Ci vuole più “coding” per tutte
Opposto il punto di vista di Coding Girls, evento annuale organizzato da Fondazione Mondo Digitale e Ambasciata Americana. Sono state 400 le studentesse, di scuole secondarie di Roma e Napoli, avvicinate al coding da tutor della Sapienza e dell’Università di Tor Vergata, guidati da una coach statunitense. Ma se le iniziative come queste hanno sempre molto successo, e considerato che le basi della programmazione saranno presto considerate indispensabili come una lingua straniera, il problema culturale per cui è “roba da maschi” persiste. “Purtroppo sì”, nota Barbara Laura Alaimo, pedagogista, fondatrice e mentor della sezione di Milano di Coderdojo, l’associazione che insegna ai bambini a programmare. “Nella fascia di età tra i 7 e gli 11 anni il rapporto tra maschi e femmine ai laboratori è di 1 a 4. Dopo, il numero delle bambine scende ancora”.
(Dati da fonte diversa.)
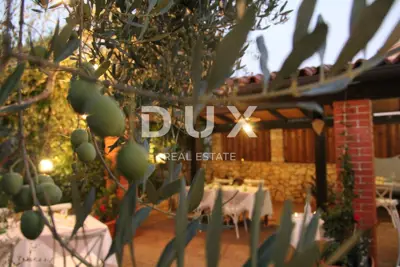 ISTRA, NOVIGRAD - Attractive restaurant and guesthouse with established business - 4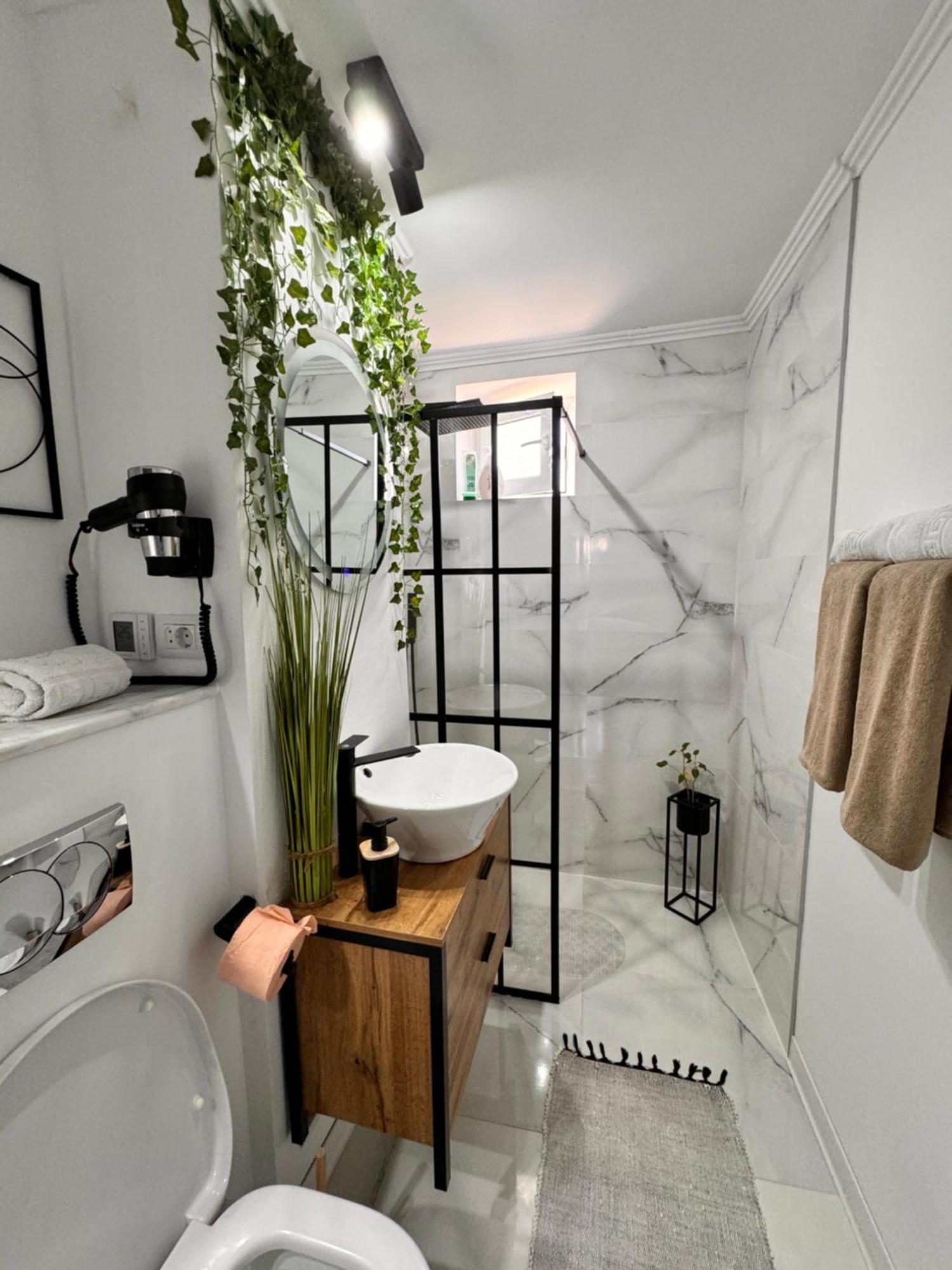 Caris Home Hunedoara Ngoại thất bức ảnh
La soluzione? “Spiegare che la programmazione non è roba da nerd ossessionati dai videogame, ma insegna le basi del pensiero computazionale, con il quale puoi creare qualunque cosa. Se vogliamo restare nel cliché, anche il disegno per una t-shirt con i lustrini. E ai genitori racconto quello che vedo: le bambine in aula sono bravissime: focalizzate, brillanti, afferrano subito la logica e creano dei capolavori. Non mettiamo loro limiti che non hanno.”
Le difficoltà femminili raccontate da un uomo
Un problema solo italiano, quello delle difficoltà femminili nelle materie Stem? Non proprio. Nelle ultime settimane è diventata virale la lettera di Jared Mauldin, studente di ingegneria meccanica alla Eastern Washington University, al giornale degli studenti. Tra le altre cose, scrive ai suoi compagni di corso:
Non ho mai incontrato nessuno che mi scoraggiasse dal fare studi scientifici, che mi dicesse che il mio aspetto era più importante del mio cervello, non ho mai subito commenti sessisti dai professori. Per cui, non siamo uguali: le ragazze che studiano con noi sono molto più brave perché affrontano e superano tutti questi ostacoli.